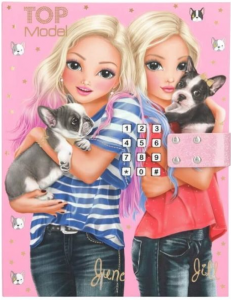 Gune&Gil- Top Model יומן מנגן עם קוד סוד -0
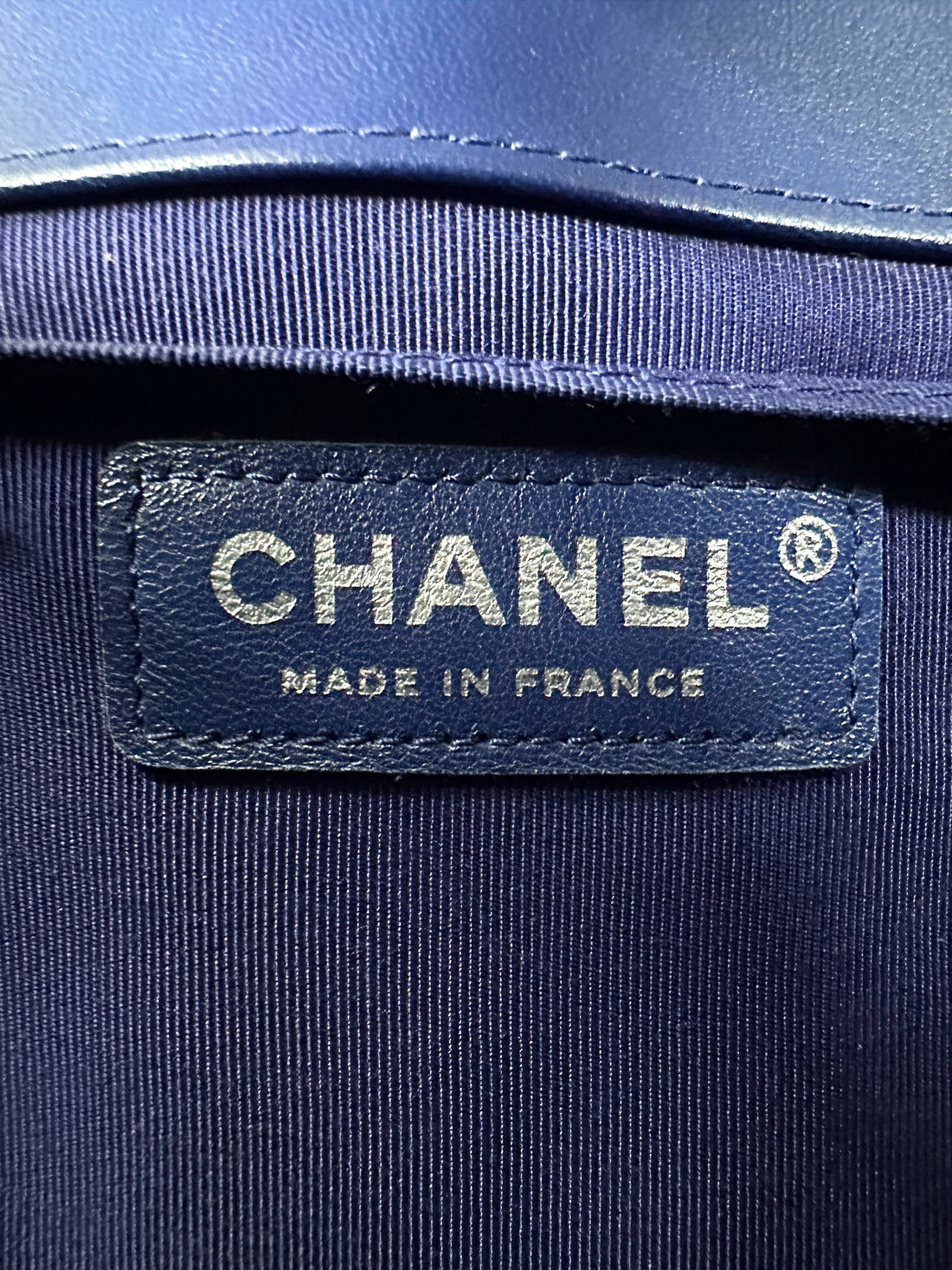Chanel LeBoy Blue Quilted Lambskin Medium Size Flap Bag With Silver Buckle(23***10) CC1673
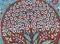 Piatto decorativo Tree of Life, Turchia, anni '70, Immagine 2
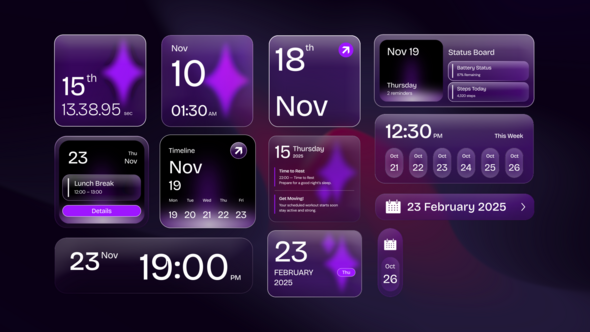 Photo of Calendar App Widget – Videohive 61233031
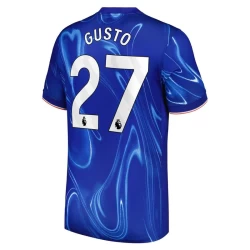 Camisola Futebol Chelsea FC Gusto #27 2024-25 Principal Equipamento Homem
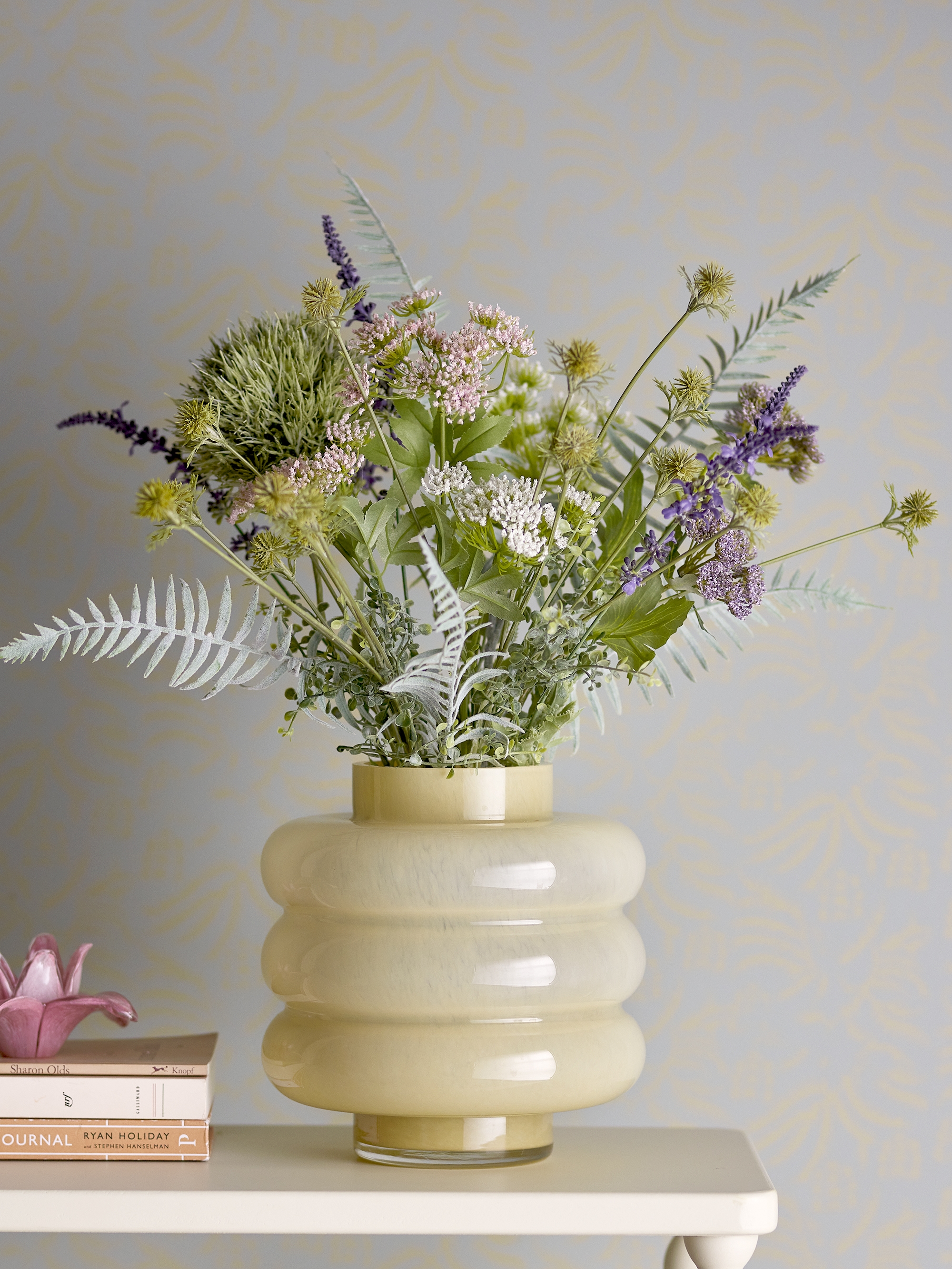 Sahara Glass Vase - Yellow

========================================

- EXERCISE -
Write out, exactly and with nothing added, every line from the one that holds "Photo of Calendar" to the end of the entries above; pictures stay out.

- RESULT BELOW -
 Photo of Calendar App Widget – Videohive 61233031
 Camisola Futebol Chelsea FC Gusto #27 2024-25 Principal Equipamento Homem
 Sahara Glass Vase - Yellow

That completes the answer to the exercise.